What Happened in Vegas
That possibility of such a program in Corpus Christi, he said, was made clear to him in a place 1,500 miles away: Las Vegas.
He and his wife, Susan, were in Sin City the weekend before the 2008 AAPG convention in Long Beach, Calif., when they took a taxi to the Nevada State Museum – “not a usual tourist destination,” he said.
But they found the place spectacular, especially when they found themselves under a 16-foot cast of a Mammoth that lived during the Ice Age.
Hopkins said he wondered what it would be like to have something similar in Corpus Christi.
“These same animals lived in Corpus Christi,” he said, excitedly. “It was exciting to walk under the creature and really experience its size, because when you tell a student that these animals were 16 feet tall, it is hard to imagine how big they are.”
Better to show them.
His plan, then, was to introduce such spectacle and history and to prepare a permanent display for each middle school in the region that would contain:
- Large, actual bones from an extinct mammal that was collected in Nueces County, Texas.
- Drawings of the skeleton of the extinct animal with the displayed bone highlighted.
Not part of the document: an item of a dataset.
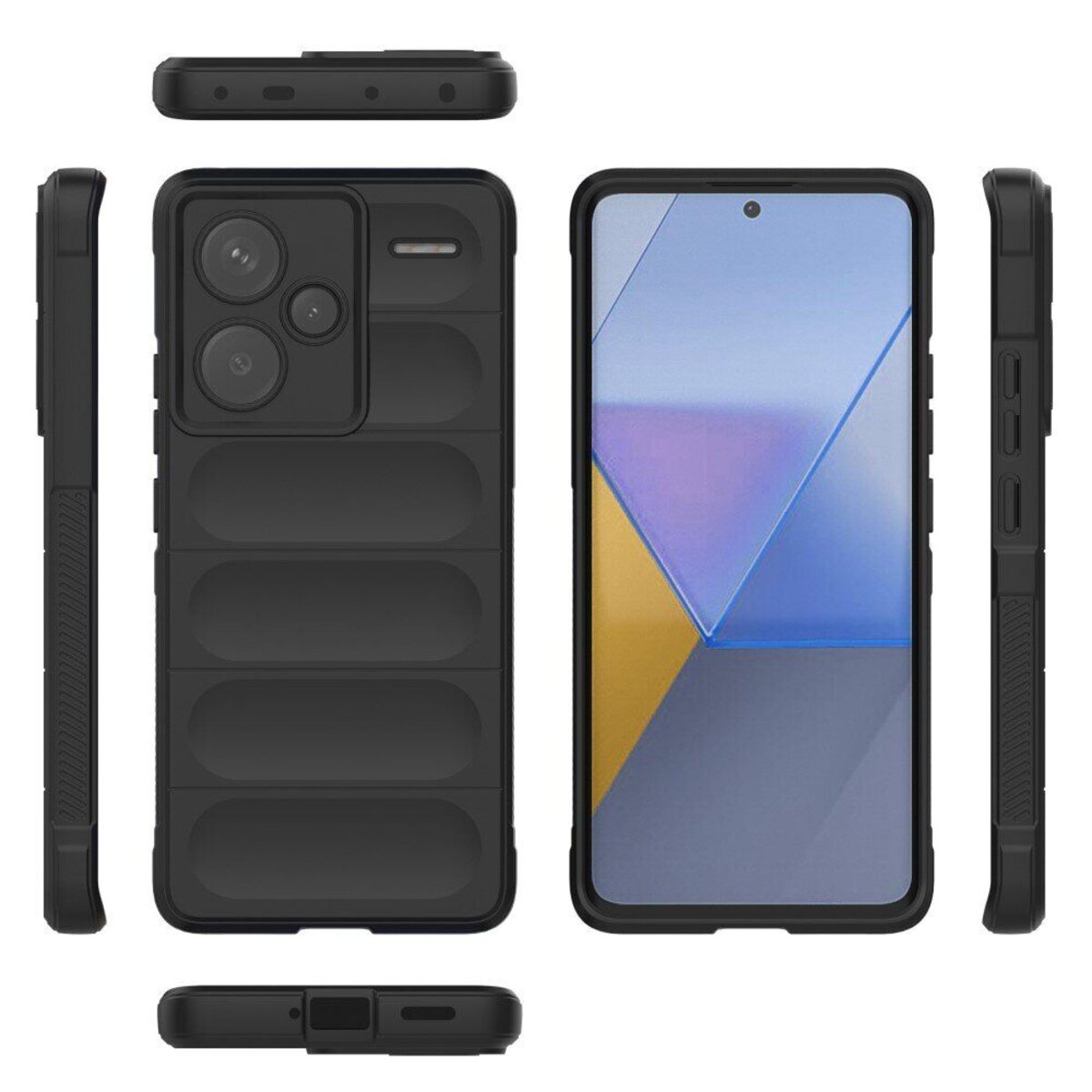 Чохол для смартфона Cosmic Magic Shield for Xiaomi Redmi Note 13 Pro Plus 5G Black (MagicShXiNo13P+Black) на картинке №7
- An artist’s drawing of what the animal looked like when alive with reference scale.
- Maps showing the Nueces River flood plain as it looked 18,000 years ago.
- Renditions of the Corpus Christi Bay “Serengeti Plain,” showing the diversity.
To further aid the program, teachers from the specific schools had an opportunity to attend a “Bones in School” workshop to learn more about the incredible diversity of mammal bones found in Nueces County.
"Funding for a project like this," Hopkins concedes, "will be considerably more than for Phase I, but I think it is worthwhile."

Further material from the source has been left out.